WHAT THE TASK REQUIRES: Your output should be exactly the lines from the one containing "Read Online Panasonic Servo Drive Manual" through the final line of the records, both included, with every picture left out.

INPUT DATA:
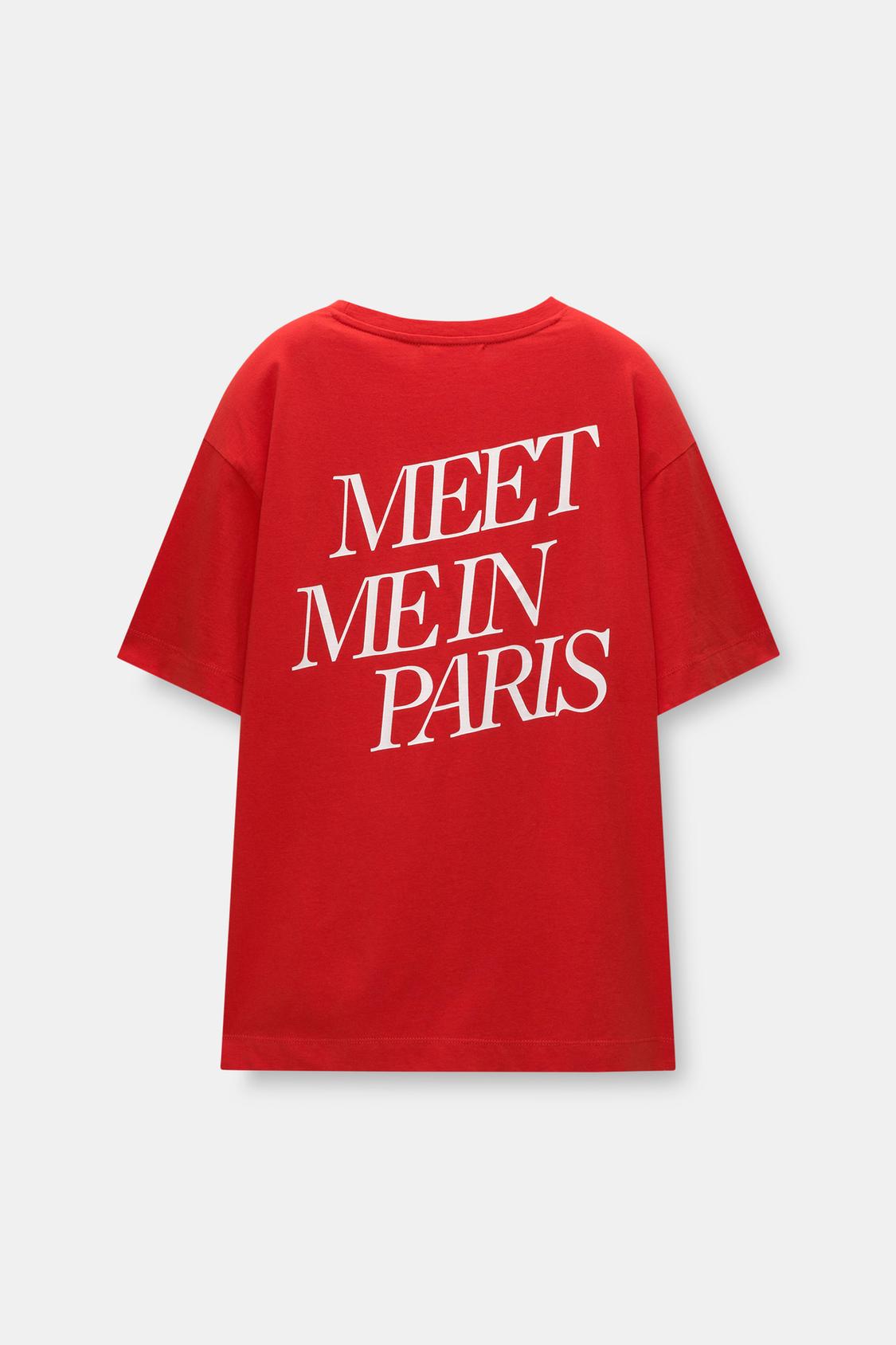 Rotes T-Shirt Paris - PULL&BEAR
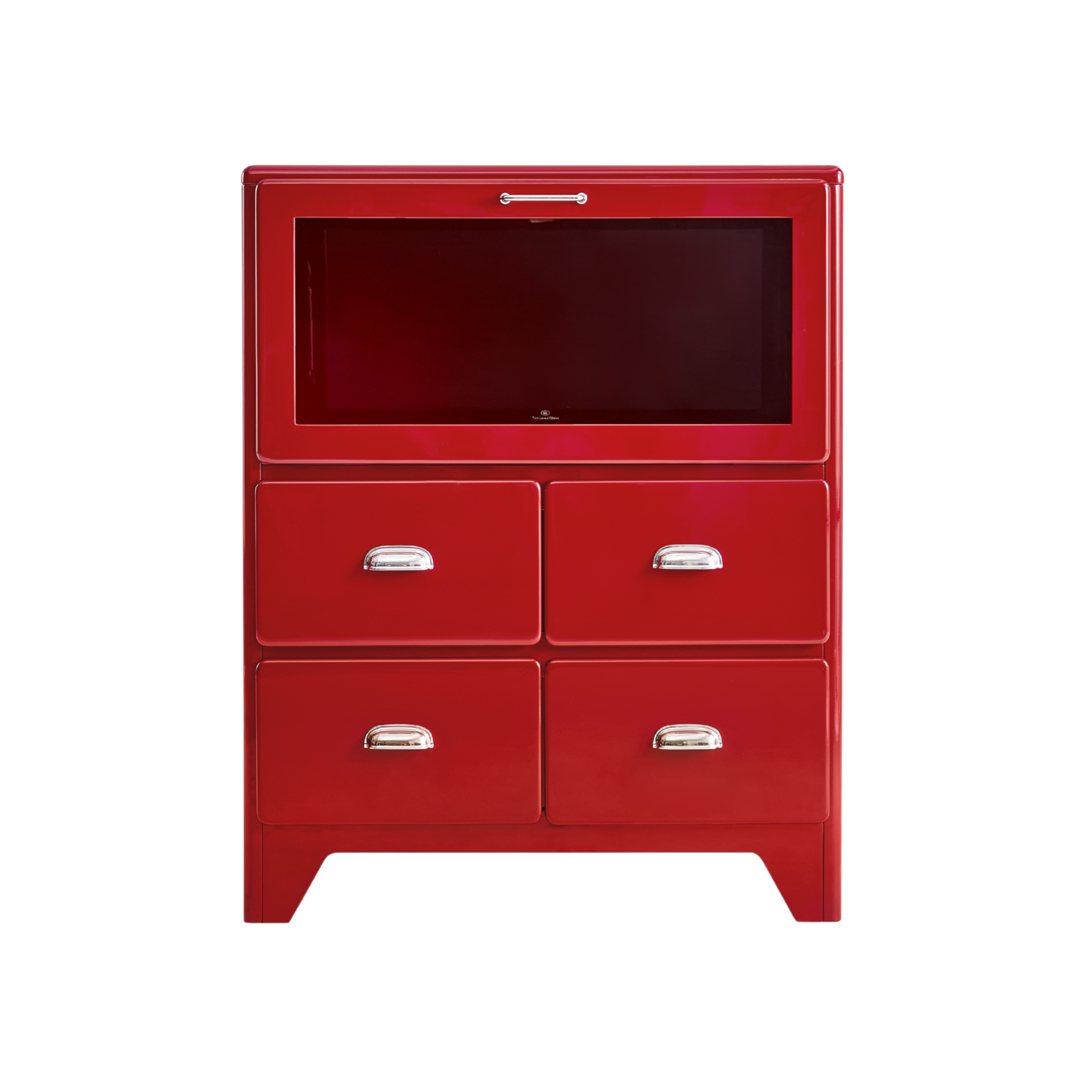 Linspire Willow Chest of 4 Drawers with Glass Flip Door, Red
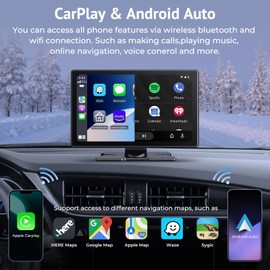 Carplay Screen for Car,9" HD IPS Wireless Touch Car Play Screen for Apple Carplay & Android Auto,with SuperLink/AirPlay,4K Dash Cam,1080p Backup Camera,Loop Recording,Bluetooth Audio,GPS,Siri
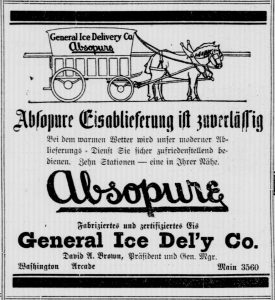 Image of German language advertisement for ice delivery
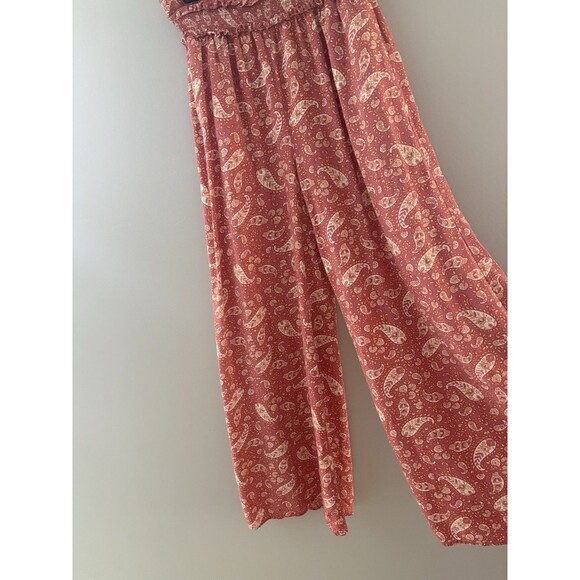 Patrons of Peace Avila Pants Size M Coral Paisley Palazzo Wide Leg Pockets - Picture 3 of 15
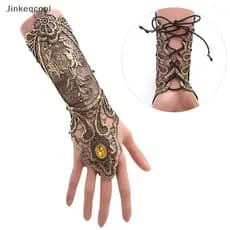 Jqbr Gótico Steampunk Renda Manguito Luva Sem Dedos Braço Mais Quente Pulseira Bla Ouro QDD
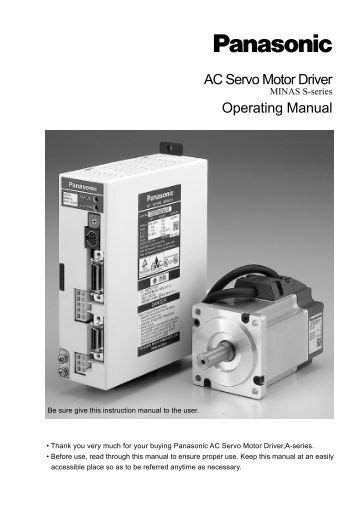 Read Online Panasonic Servo Drive Manual 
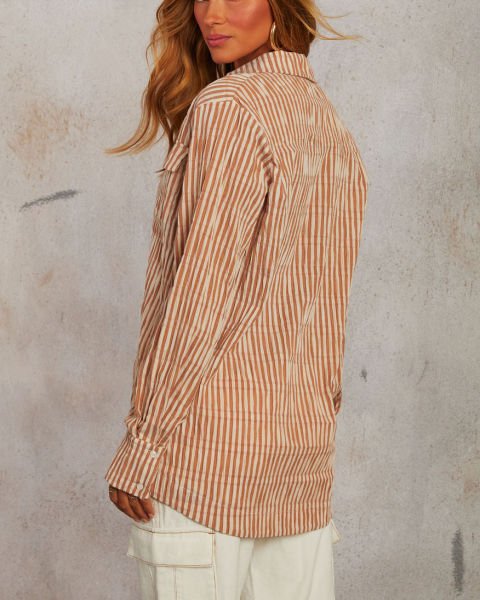ECRU-RUST-STRIPED  SHIRT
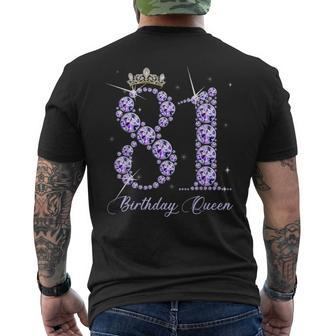 81 Year Old Its My 81St Birthday Queen Diamond Heels Crown Men's T-shirt Back Print - Thegiftio UK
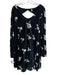 Free People Size SP Black & White 100% Cotton Deep Cowl Neck Baggy Fit Dress Black & White / SP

OUTPUT OF THE EXERCISE:
 Read Online Panasonic Servo Drive Manual 
ECRU-RUST-STRIPED  SHIRT
 81 Year Old Its My 81St Birthday Queen Diamond Heels Crown Men's T-shirt Back Print - Thegiftio UK
 Free People Size SP Black & White 100% Cotton Deep Cowl Neck Baggy Fit Dress Black & White / SP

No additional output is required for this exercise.